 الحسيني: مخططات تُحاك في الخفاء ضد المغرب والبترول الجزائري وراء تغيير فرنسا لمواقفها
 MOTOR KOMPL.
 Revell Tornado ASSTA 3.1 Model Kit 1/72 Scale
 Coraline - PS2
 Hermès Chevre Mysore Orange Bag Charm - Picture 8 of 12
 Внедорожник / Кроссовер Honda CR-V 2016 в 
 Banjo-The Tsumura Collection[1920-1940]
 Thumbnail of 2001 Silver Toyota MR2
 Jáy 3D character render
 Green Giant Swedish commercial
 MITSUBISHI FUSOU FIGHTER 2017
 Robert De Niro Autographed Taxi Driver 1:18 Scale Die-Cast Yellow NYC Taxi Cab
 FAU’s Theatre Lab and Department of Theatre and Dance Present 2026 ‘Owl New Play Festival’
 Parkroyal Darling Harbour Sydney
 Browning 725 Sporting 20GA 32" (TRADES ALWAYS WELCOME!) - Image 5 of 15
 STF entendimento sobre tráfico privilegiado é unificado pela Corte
■ ■ ■
An exact copy of every record above is required.

 الحسيني: مخططات تُحاك في الخفاء ضد المغرب والبترول الجزائري وراء تغيير فرنسا لمواقفها
 MOTOR KOMPL.
 Revell Tornado ASSTA 3.1 Model Kit 1/72 Scale
 Coraline - PS2
 Hermès Chevre Mysore Orange Bag Charm - Picture 8 of 12
 Внедорожник / Кроссовер Honda CR-V 2016 в 
 Banjo-The Tsumura Collection[1920-1940]
 Thumbnail of 2001 Silver Toyota MR2
 Jáy 3D character render
 Green Giant Swedish commercial
 MITSUBISHI FUSOU FIGHTER 2017
 Robert De Niro Autographed Taxi Driver 1:18 Scale Die-Cast Yellow NYC Taxi Cab
 FAU’s Theatre Lab and Department of Theatre and Dance Present 2026 ‘Owl New Play Festival’
 Parkroyal Darling Harbour Sydney
 Browning 725 Sporting 20GA 32" (TRADES ALWAYS WELCOME!) - Image 5 of 15
 STF entendimento sobre tráfico privilegiado é unificado pela Corte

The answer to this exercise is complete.